Infineon-Chef Bauer

„Es gibt kein Szenario für eine Zerschlagung“

Infineon-Chef Peter Bauer

Infineon-Chef Peter Bauer

18. Juli 2009 Am Montag beginnt die Kapitalerhöhung, die dem Halbleiterhersteller Infineon maximal 700 Millionen Euro bringen soll. Es ist die wichtigste unter vielen Maßnahmen, um eine neue Finanzierung für das hoch verschuldete Unternehmen zu organisieren. Der Plan lässt sich nur mit Hilfe des Finanzinvestors Apollo realisieren. Der garantiert die Abnahme der neuen Aktien, wenn die Altaktionäre nicht mitziehen sollten. Apollo hat Vertrauen in Peter Bauer. Und der hat Vertrauen in Apollo, einen in der Branche bekannten aggressiven Finanzinvestor.

Herr Bauer, von 39 Cent im März auf 3,20 Euro heute. Der Aktienkurs muss Sie doch glücklich machen?
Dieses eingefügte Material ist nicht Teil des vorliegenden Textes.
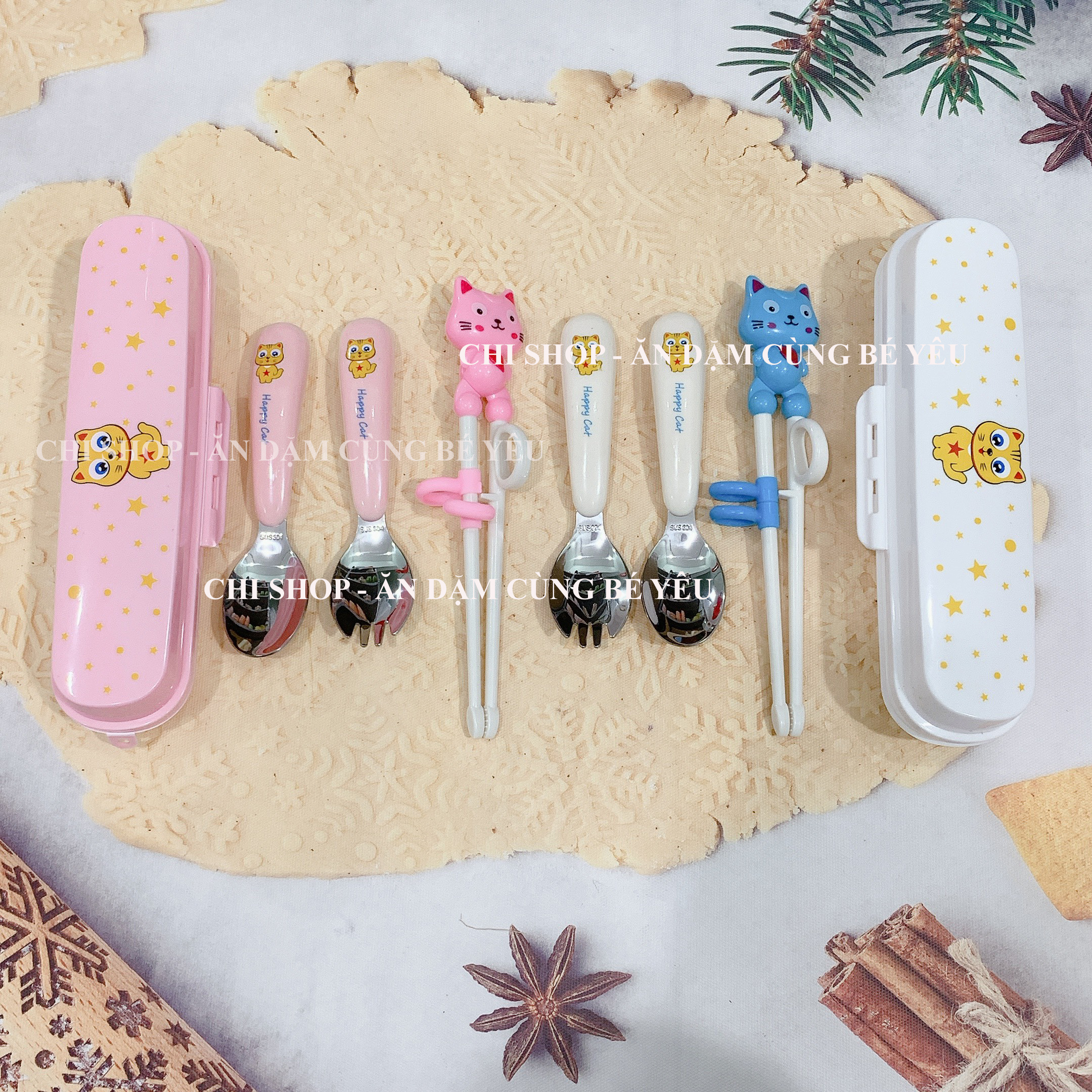 Bộ Thìa Dĩa Đũa inox Happy Cat tập ăn dặm cho bé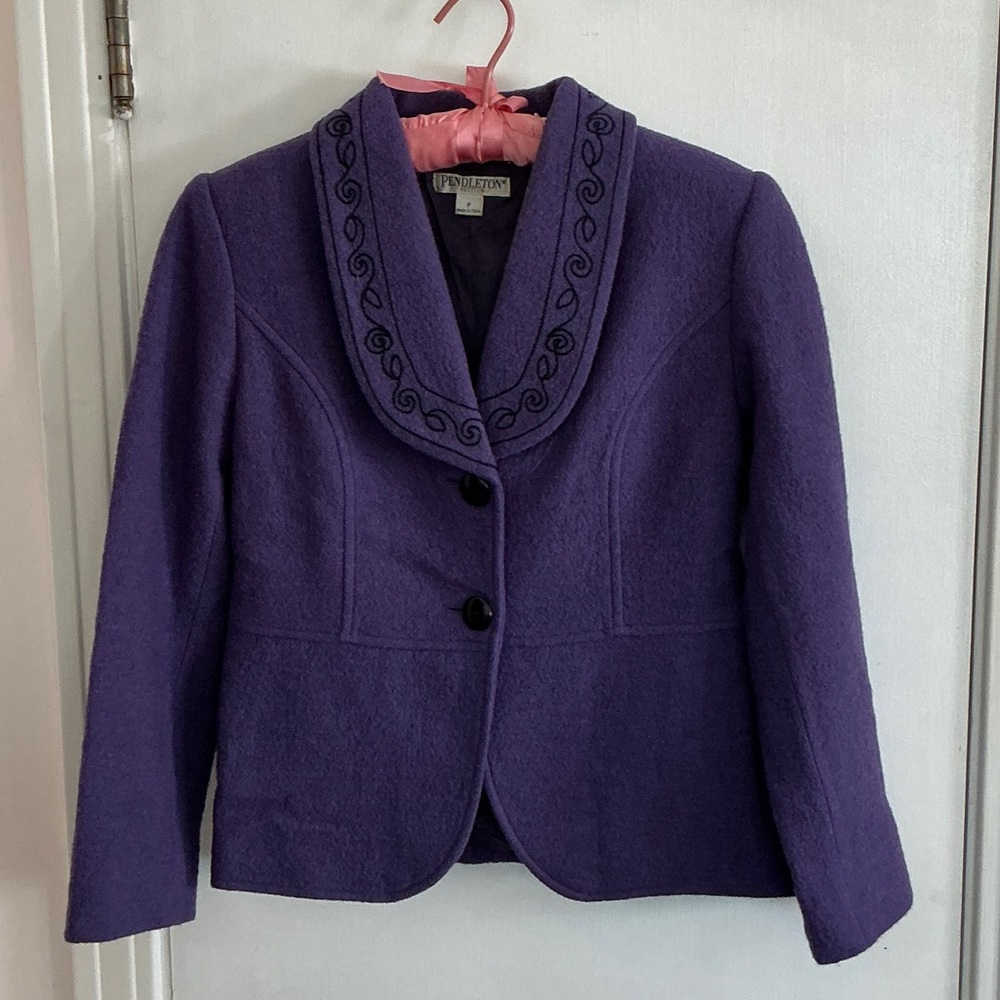 Pendleton Purple Merino Wool Women's Blazer Jacket with Embroidered Trim sz P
Gemessen an den Randbedingungen, kann ich zufrieden sein, auch mit der Entwicklung des Unternehmens angesichts der schwierigen Marktlage. Und das spiegelt sich im Aktienkurs. Von Krise im Markt will ich gar nicht mehr reden, die wird langsam normal. Infineon liegt im Umsatz 18 Prozent unter dem Vorjahr.

Bei dem Kurs müsste Ihre Rechnung aufgehen, dass viele Altaktionäre die Aktien zu 2,15 Euro zeichnen, so dass Sie den Garanten Apollo nicht benötigen?

Das ist Spekulation. Der Prozess startet ja gerade. Aber niemand hat ein Kalkül, dass Apollo fernbleiben soll. Zum Zeitpunkt, als wir die Vereinbarung mit dem Finanzinvestor getroffen haben, notierte die Aktie bei knapp 2,60 Euro. Und der Kurs war sehr volatil. Es war nicht vorhersehbar, in welche Richtung sich der Kurs entwickeln würde.

Wollen Sie die Amerikaner überhaupt als Großaktionär?

Sie sind uns willkommen. Die Frage ist jedoch müßig, weil nicht vorhersagbar. Es ist ja nicht gewährleistet, dass Apollo bei uns einsteigen wird. Es hängt ausschließlich von den Altaktionären ab, ob und in welchem Umfang diese das Angebot annehmen. Gut zu wissen ist für mich: Apollo ist ein Partner, der an einem langfristigen Engagement orientiert ist. Und Apollo sagt ausdrücklich, dass er Vertrauen in das Unternehmen und seine Strategie hat.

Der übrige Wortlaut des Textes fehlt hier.